Takashi Ishikawa era o nome do Sicário. Um guerreiro de Amatsu que não possuía memórias de seu passado após transcender, vivia entre os serviços para a Ordem dos Assassinos, seu trabalhos para o mercador Karl Glassard, e as atividades da Thurisaz. Analítico ao extremo, sempre foi altamente observador do comportamento de Cal, especialmente depois de seu rompante onde saiu à caça de Leafar Belmont. Isso quase o motivou a deixar o clã na época.

- Tem segurado as pontas. - Respondeu Takashi. - Mas eu acho que você já tem uma pergunta pronta. Sim, ele chegou.

Takashi se referia ao fato de que Cal esperava que Leafar viesse até sua base. Não que houvesse um lugar melhor para estacionar; Cal estava ciente de que Leafar estava evitando a cidade de Geffen no momento, devido a ser amplamente conhecido na cidade.

Após mais alguma conversa, Cal se dirigiu sozinho à nova área de lazer que ele havia montado para essas ocasiões. Era logo após o lobby da base, numa entrada diretamente ao norte.

Lá, ele podia encontrar o Dragão louro, recostado calmamente em um dos sofás, com a cabeça voltada para o alto e de olhos fechados. - Normalmente você diria esperar ter um bom motivo pra eu te arrastar de volta pra cá, mas eu acho que você já viu aquela foto, não foi?

Leafar abriu os olhos e os virou para a direita, notando Cal. Depois de uma rápida espreguiçada, ele se levantou e se virou para o Cavaleiro do Relâmpago. - A Irma tinha razão, seu cabelo tá mesmo piorando.

Isso era uma referência ao fato de que o cabelo de Cal estava ainda maior que antes, agora com a franja repartida quase cobrindo os lados do rosto e seu cabelo passando da nuca.

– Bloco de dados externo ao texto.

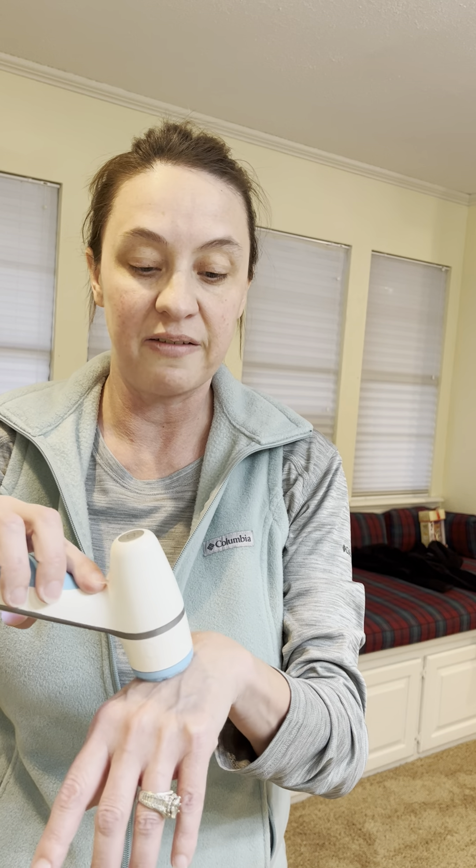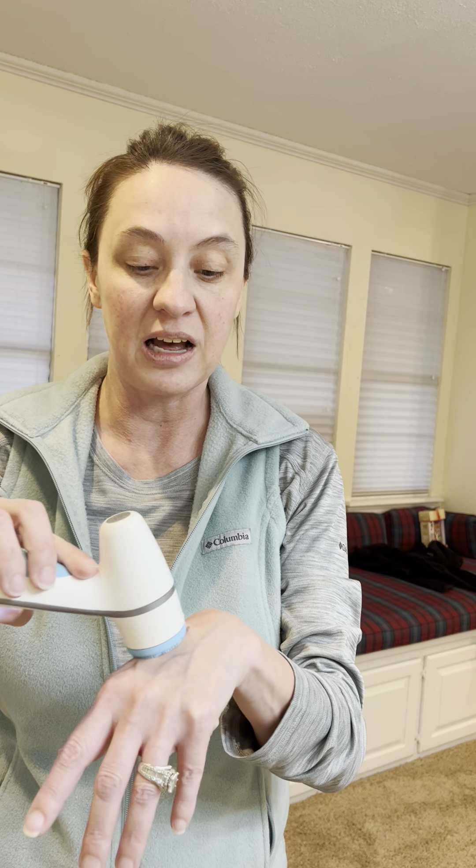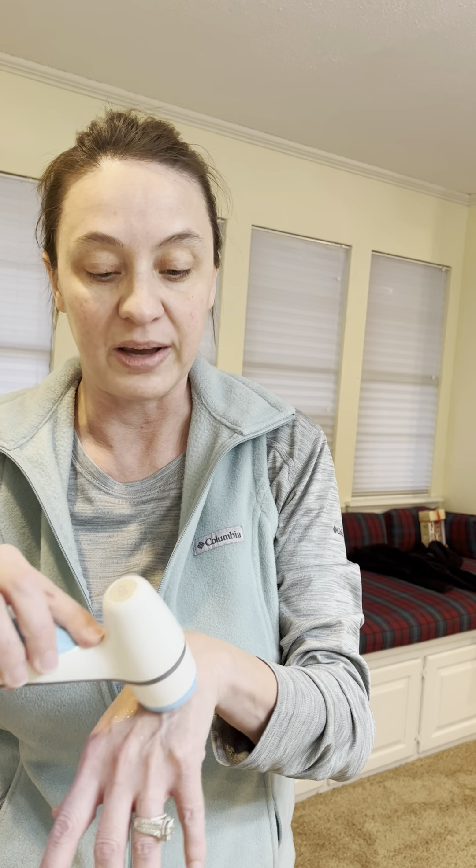Here you can see it vibrating on my skin. I don't have to press very hard — I just let it glide across. And as you can see here, it's getting the marker right off my skin.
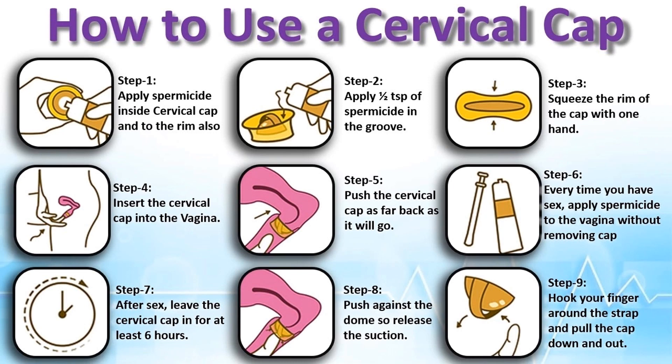How to use a cervical cap? Here are 9 steps which make the usage very simple. Step 1: Apply spermicide inside the cervical cap and to the rim also. Step 2: Apply half teaspoon of spermicide into the groove. Step 3: Squeeze the rim of the cap with one hand.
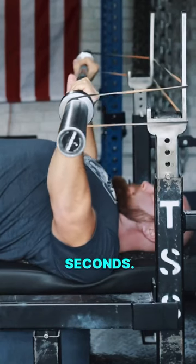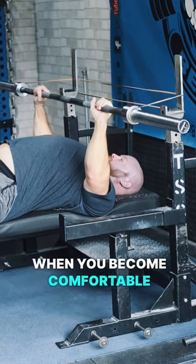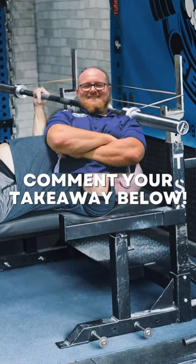Unrack the bar and hold for 10 to 20 seconds. This will train your lats and also teach you correct unrack technique. When you become comfortable with this drill, you can then up the band tension to increase the difficulty.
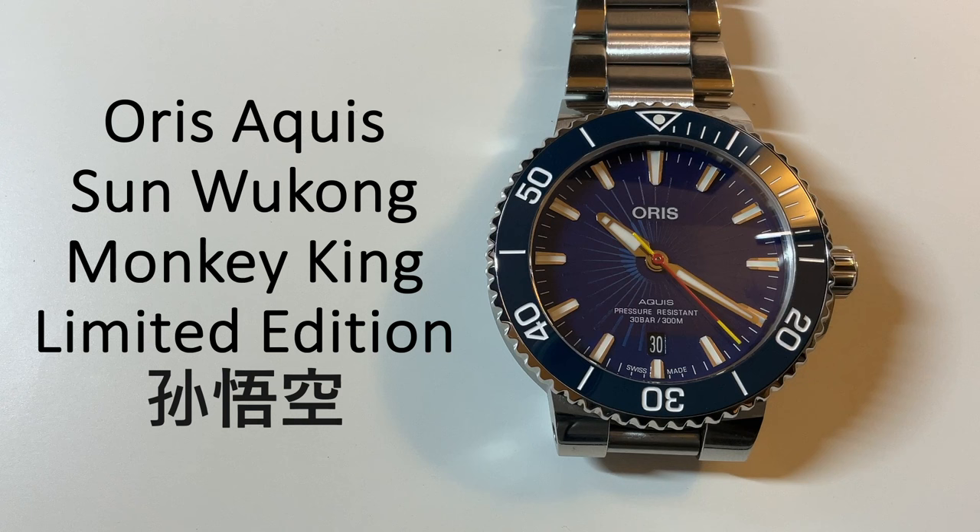Today we're taking a look at my first and probably only dive watch, the Oris Aquis Sun Wukong or Monkey King Limited Edition.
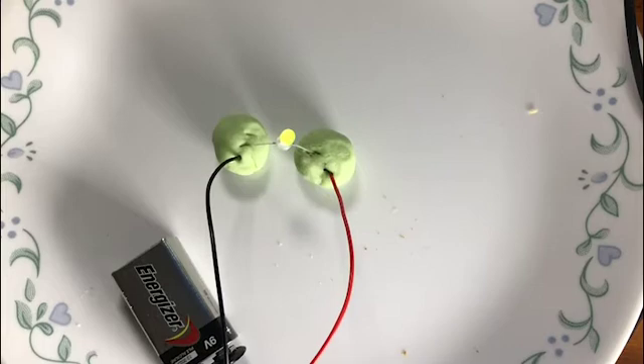You can also make non-conductive play-doh. Using a play-doh recipe, rather than using salt you use sugar, and sugar isn't conductive. So you can have a play with that if you'd like to at some stage.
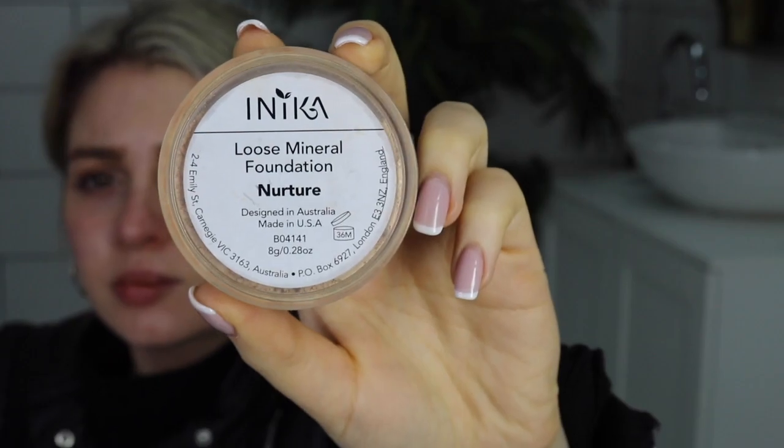Hey guys, Rachel here and I'm going to be showing you four ways to use your kabuki brush to do your entire base. We're going to start firstly with applying our foundation. We're going to be using our loose mineral foundation in the shade Nurture.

- Podia ser pior, eu poderia estar usando óculos com lente de tinta colorida. - Retrucou Cal, notando o óculos escuro pendurado na camiseta que ele vestia por baixo daquela jaqueta azul.

Os dois trocaram olhares afiados por um momento e finalmente se cumprimentaram, apertando a mão um do outro. Era o primeiro encontro dos dois em meses. Em uma situação normal, Leafar recusaria o chamado de primeira, devido a querer evitar Rune-Midgard. Mas aquele era um caso especial.

Não era todo dia que uma pessoa com extrema similaridade a Freya Belmont aparecia nos arredores. E ele e Cal estavam interessados em saber o que estava acontecendo.


OFF




Bem, agora Viridis começa. Devem ter notado a diferença de ares entre os ambientes de Selena (uma escola cara) e de Cal (a costumeira base da Thurisaz). Era um plano desde que eu comecei a idealizar o Projeto Eir, uma garota aparentemente comum vivendo normalmente, e então o mundo dela virando ao contrário.

Mais futuramente, com o avançar da fic, eu vou explicar o que fez Leafar se afastar de Rune-Midgard ao final de 1012, bem como o que motivou Cal a entrar em treinamento pesado.

Se preparem, o Projeto Eir mal começou.